What size square mild steel pipe will support load

  1. Can anyone please help me with a question re the minimum size square steel pipe needed to bear a load. I loved physics but never took mechanical engineering. I am rigging a winch to one end of a pipe to lift a static load (holding up a gangway temporarily to repair). The gangway weighs around 500 lbs., and will be supported in the middle (essentially all of the weight). The proposed pipe is mild steel, 2.5 inch square, 12 feet long, 1/8 inch wall thickness, and connected at the other end and in the middle to supports. In essence, would the pipe bend if holding that load at 6 feet out from the support? What size pipe would bear the load? Thanks!!!
     
  2. jcsd
  3. nvn

    nvn 2,124
    Science Advisor
    Homework Helper

    So far, it sounds like you have a simply-supported beam or second class lever. If the yield factor of safety is 2.0, and if the allowable bending stress of your square tube material is Sb = 157.5 MPa, and if your load is statically applied, then your beam stress level would be R = sigma/Sb = (151.9 MPa)/(157.5 MPa) = 96.4 %. For a given value of Sb, you want to ensure R does not exceed 100 %.
     
  4. Sorry for my ignorance... but does that mean that the square pipe in question will support the load? Thanks
     
  5. nvn

    nvn 2,124
    Science Advisor
    Homework Helper

    R > 100 % indicates a component is overstressed. Notice the value of R in post 2, which is for the proposed beam size described in post 1.

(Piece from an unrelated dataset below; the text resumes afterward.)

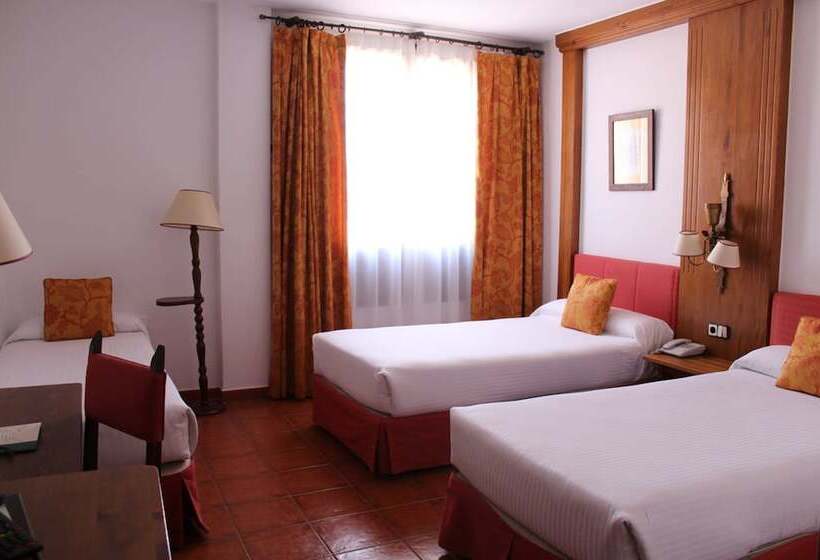 스탠다드 트리플 룸, El Bedel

    After lifting, support (prop) the load with additional, stable supports, before getting human body parts underneath the load.

    How do you propose to attach the midspan load to the beam such that the load is not concentrated on a fine line across the beam, and also does not slip longitudinally along the beam if (when) the lever angle is steep?
     
  6. Thanks for the follow-up.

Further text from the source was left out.